I spent two days on the floor of the 2013 America’s Beauty Show in Chicago. This was the first time in 23 years that I have not set up a booth and worked this show. It felt a bit weird. Sort of as though on Friday when I would have been setting up and Saturday, the opening day of the show, I was missing out on something.
I hit the floor early on Sunday and again on Monday. This time I was an attendee. I was there as a licensed cosmetologist and a licensed barber. Yes, I did some work as Mr. Marianna. I visited with vendors and had some important meetings. Then I was there to stalk the floor and learn what I could in the world of men’s hair. Following are my observations about the state of men’s hair in the professional beauty industry, in no particular order, just my observations.

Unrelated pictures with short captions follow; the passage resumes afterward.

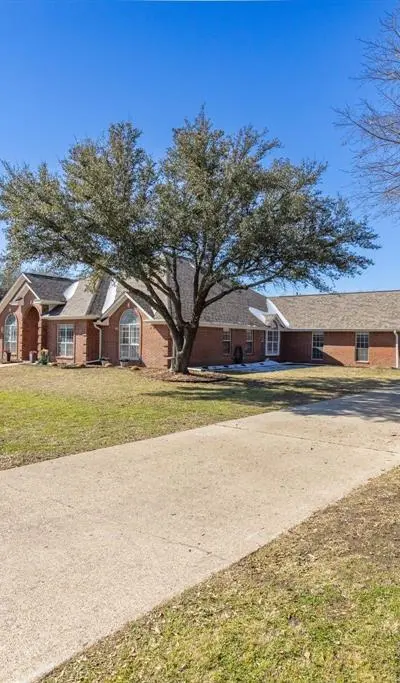 2046 Mckenzie Road, Campbell TX 75422 - Photo 3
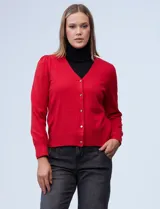 Cardigan rojo tejido en hilado fino, con escote en V y abertura central con botones metálicos.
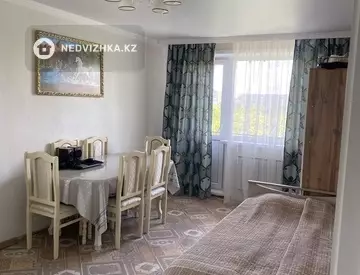 3-комнатная квартира, этаж 4 из 5, 62 м²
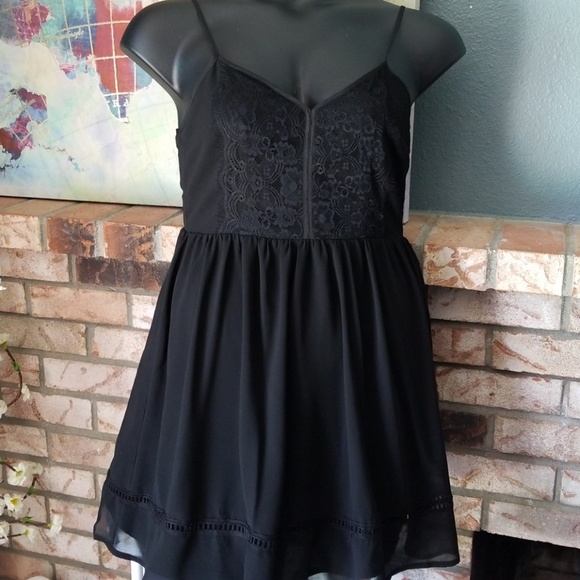 Forever 21 Dresses & Skirts - Forever21 Medium black lace adjustable strap dress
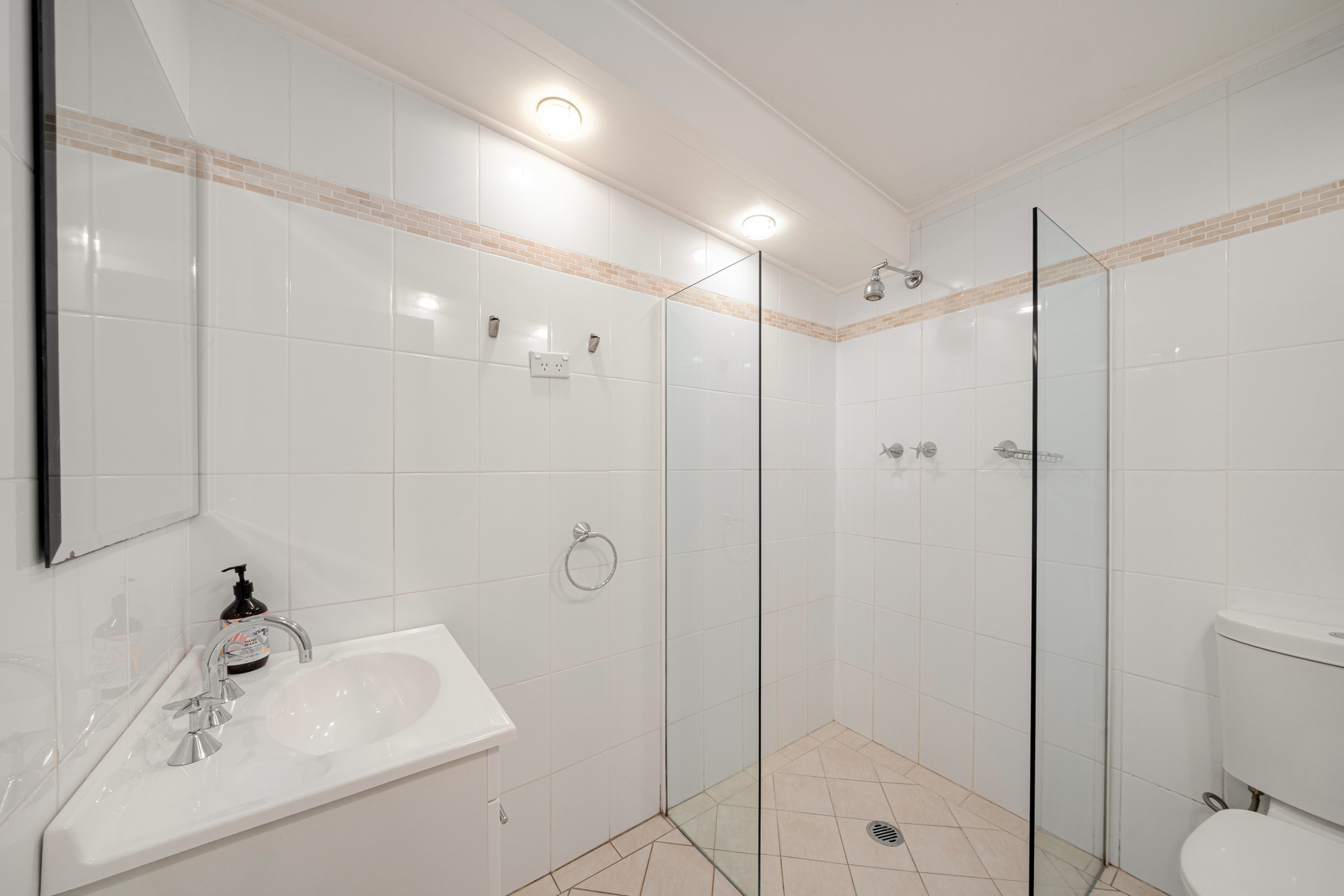 73 Seventh Avenue, Katoomba, NSW 2780 AUS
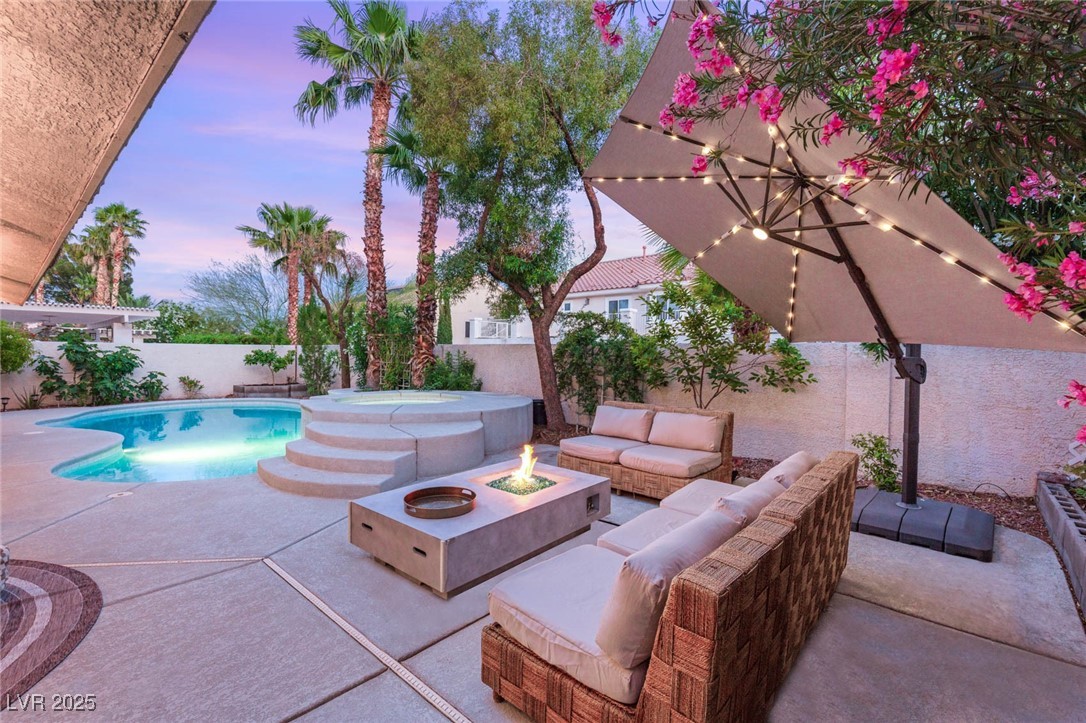 9615 SEDONA HILLS Court Property Photo 1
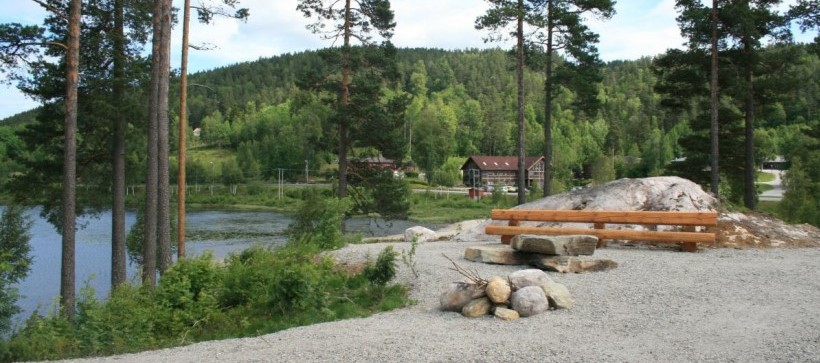 Møteplass med benker ved vannet. Foto.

Clipper graphics have moved on. Graphics are still popular, but they are no longer a guy trend. Clipper graphics have now become predominately female. I observed many women and girls with graphics. Most of the graphics being demoed on the clipper stages were being parked on the heads of females. Fewer guys had visible graphics. Ever fewer still were sitting for a new one. The trend has clearly peaked, and moved on from the guys.
Ivan Zoot Guy hair is getting longer. Fades were over in the urban ethnic markets more than a year ago. This trend is catching up in the general market. All of the collection cuts at American Crew featured longer tops. The Cowboy collection was much longer overall.
There is more to guy cutting than just clippers - The dominant tools of longer men’s looks are shears and razors. There is still plenty of clipper work to be done but guy haircutting is definitely a three tool game. Rougher interior textures are becoming more popular and the texture created by razor cutting is seen frequently.
The Guy product game is full. We do not need more products. We need to do more with the products we have. There are plenty of guy specific products to choose from. I do not think I saw a single new men’s product. If one was there, the manufacturer failed to make an impression. There are many opportunities to re-imagine the use of what you have at your fingertips. It does not matter if you are working with a men’s specific brand, guy products from a broader line or even just guy appropriate products from a general brand. I will have more on this in a separate blog, coming soon. Stay tuned.
Brands need to do a better job of connecting with the stylist community. There is so much noise. Literally, shows are too loud. Figuratively, the communication channels are crammed with information, most of it of little real value. Brands need to figure out how to connect with their tribes in meaningful ways. Shotgun blasts to the entire industry resonate with no-one. Laser beams projected at YOUR tribe can have real impact. From my years on trade show floors I am aware that if a show has 20,000 attendees over a weekend I typically directly impacted only a fraction of them. Perhaps on a good weekend between 10 and 15% (optimistically). Brands need to find ways to use the social media connections that they hammer 365 days of the year to create real engagement on the three days of the show. One manufacturer that I follow posted a facebook message and told followers to show the post at the booth on their phone to receive a FREE gift. It should go beyond couponing. Wouldn’t it be cool if a manufacturer posted all of their models before shots from the prep room on Saturday to social media so that when they present work on stage on Sunday and Monday followers can really see the differences?
I enjoyed my time at ABS. It was a more tiring day on my feet as an attendee that it ever was all day as a presenter. Attending is much more work. I have six classes over three days at Premiere, Orlando. Check in with me after that show to see how I am feeling and if that theory still holds up.